You have my apologies, as being a Friday afternoon, I was pretty sick of
work and shouldn't have taken it out on you or the list. Sorry.
 
> However, you missed my point. Getting detailed with REs is a good
thing,
> sure. I was not about that -- but the RE in question does not properly
> handle charset encoding. See the Subject for an example which is not
> encoding, but will be matched by your rule.
> 
> My point was, that the rule discussed aims at being something that it
> unfortunately is not, because charset encoding is slightly more
complex
> and definitely requires a closing part. A Regular Expression that does
> this can be found in check_for_faraway_charset_in_headers() in
> HeaderEval.pm:
>   $hdr =~ /=\?(.+?)\?.\?.*?\?=/g
> 
> Hence, the my re-inventing the wheel analogy. And these wheels are
quite
> flexible, too. ;-)
> 
> Also, your rule applies to the Subject only, whereas ok_locales does
> check all MIME parts and will trigger on Russian spam with a "western"
> Subject.

The RE in question (my one) was not just written for subject, but a
separate rule was written for the raw From: line as well. As we only
score spam here and leave filing it to the MUA (unless a score of 25 is
reached, where SA bins it), scoring against the Subject and From lines
makes OK sense, because if you used simply (=?koi8-r?) in the subject it
would not score high enough on it's own to be filtered or blocked. (I'm
trying to employ what I've learned from the SA webpage about writing
multiple low-scoring rules, instead of a few big-scoring ones).
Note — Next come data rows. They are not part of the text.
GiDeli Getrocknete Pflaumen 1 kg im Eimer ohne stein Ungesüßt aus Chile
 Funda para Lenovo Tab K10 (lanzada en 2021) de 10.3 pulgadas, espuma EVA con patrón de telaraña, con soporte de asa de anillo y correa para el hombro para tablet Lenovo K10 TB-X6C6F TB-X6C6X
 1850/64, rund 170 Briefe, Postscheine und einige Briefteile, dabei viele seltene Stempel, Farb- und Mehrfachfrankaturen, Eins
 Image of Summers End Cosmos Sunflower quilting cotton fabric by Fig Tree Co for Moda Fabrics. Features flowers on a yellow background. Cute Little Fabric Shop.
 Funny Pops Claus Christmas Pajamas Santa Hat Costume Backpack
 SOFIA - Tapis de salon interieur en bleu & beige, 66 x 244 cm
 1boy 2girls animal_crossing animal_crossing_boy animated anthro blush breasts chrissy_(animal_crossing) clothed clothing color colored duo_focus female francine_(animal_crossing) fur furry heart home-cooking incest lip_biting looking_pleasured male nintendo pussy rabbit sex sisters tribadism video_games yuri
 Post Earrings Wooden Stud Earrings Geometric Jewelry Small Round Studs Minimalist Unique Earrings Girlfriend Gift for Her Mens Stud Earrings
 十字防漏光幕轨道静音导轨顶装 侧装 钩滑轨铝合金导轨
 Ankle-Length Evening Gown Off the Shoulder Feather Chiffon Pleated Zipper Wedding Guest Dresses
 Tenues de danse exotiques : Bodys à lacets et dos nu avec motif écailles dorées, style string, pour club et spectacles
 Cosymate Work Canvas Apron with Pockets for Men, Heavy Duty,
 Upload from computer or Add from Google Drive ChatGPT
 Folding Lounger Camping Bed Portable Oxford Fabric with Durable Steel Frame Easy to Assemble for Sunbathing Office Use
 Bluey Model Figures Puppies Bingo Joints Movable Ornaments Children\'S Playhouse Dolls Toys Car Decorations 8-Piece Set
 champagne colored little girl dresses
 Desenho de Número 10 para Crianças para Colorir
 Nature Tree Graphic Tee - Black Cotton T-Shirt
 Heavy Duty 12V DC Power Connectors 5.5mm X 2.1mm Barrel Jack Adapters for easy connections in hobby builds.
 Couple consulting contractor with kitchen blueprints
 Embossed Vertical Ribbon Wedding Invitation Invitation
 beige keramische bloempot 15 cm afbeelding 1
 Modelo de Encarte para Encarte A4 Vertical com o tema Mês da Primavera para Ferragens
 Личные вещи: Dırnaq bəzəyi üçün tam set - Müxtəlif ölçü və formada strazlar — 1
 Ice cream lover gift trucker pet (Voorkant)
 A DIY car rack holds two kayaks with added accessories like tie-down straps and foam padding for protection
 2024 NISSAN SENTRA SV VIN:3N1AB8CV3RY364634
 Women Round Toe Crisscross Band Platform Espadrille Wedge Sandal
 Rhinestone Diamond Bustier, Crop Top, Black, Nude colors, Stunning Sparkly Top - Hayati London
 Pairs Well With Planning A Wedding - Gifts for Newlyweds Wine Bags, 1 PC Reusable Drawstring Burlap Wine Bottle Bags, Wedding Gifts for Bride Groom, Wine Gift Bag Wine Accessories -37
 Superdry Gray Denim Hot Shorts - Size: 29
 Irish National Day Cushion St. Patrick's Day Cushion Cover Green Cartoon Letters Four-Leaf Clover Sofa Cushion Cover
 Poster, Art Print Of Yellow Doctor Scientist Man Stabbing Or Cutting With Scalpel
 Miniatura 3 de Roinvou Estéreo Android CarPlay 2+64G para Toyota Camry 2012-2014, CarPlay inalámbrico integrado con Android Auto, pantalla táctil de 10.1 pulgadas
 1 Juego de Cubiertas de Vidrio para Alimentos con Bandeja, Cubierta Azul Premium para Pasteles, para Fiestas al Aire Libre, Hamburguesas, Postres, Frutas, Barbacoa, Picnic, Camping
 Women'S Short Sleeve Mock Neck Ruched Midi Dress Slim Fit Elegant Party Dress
I can see it is flawed, but have to also admit that it is working rather
well at the moment. Mind you, I have taken the time to translate some of
the Russian Spam, work out spammy phrases, and then quote those phrases
to be scored against by SA.

> Hope this clarifies my previous posts and is appreciated again...

Your posts are appreciated, and sorry for the mean comment.

Cheers,
Mike


Re: FW: Rule for Russian character sets (=?koi8-r? not quite acharset)

Posted by Karsten Bräckelmann <gu...@rudersport.de>.
On Mon, 2008-02-18 at 09:36 +1300, Michael Hutchinson wrote:
> > > We don't want to "only allow" the English locale, because we (here at
> > > my work) do not want our international clients (non Russian) to be
> > > denied email service.
> > 
> > ok_locales  en ja ko th zh
> > 
> > This will allow anything but Cyrillic char sets. Please note that en
> > does *not* mean "English locale" despite its name. It applies to all
> > Western charsets, including German Umlauts, Swedisch, French, Turkish,
> > etc. Basically everything that uses the characters in this post, plus
> > language specific chars.
>  
> Ok now we're talking turkey. Thanks for providing the much needed
> clarity on ok_locales. I may just employ that technique yet, pending
> whether we get any more Russian spam through the gates.
> 
> > Sorry, I did not mean to troll nor any kind of offense.
> 
> You have my apologies, as being a Friday afternoon, I was pretty sick of
> work and shouldn't have taken it out on you or the list. Sorry.

> > Hope this clarifies my previous posts and is appreciated again...
> 
> Your posts are appreciated, and sorry for the mean comment.

Thanks.  No offense taken, no harm done, don't worry. :)

  guenther


-- 
char *t="\10pse\0r\0dtu\0.@ghno\x4e\xc8\x79\xf4\xab\x51\x8a\x10\xf4\xf4\xc4";
main(){ char h,m=h=*t++,*x=t+2*h,c,i,l=*x,s=0; for (i=0;i<l;i++){ i%8? c<<=1:
(c=*++x); c&128 && (s+=h); if (!(h>>=1)||!t[s+h]){ putchar(t[s]);h=m;s=0; }}}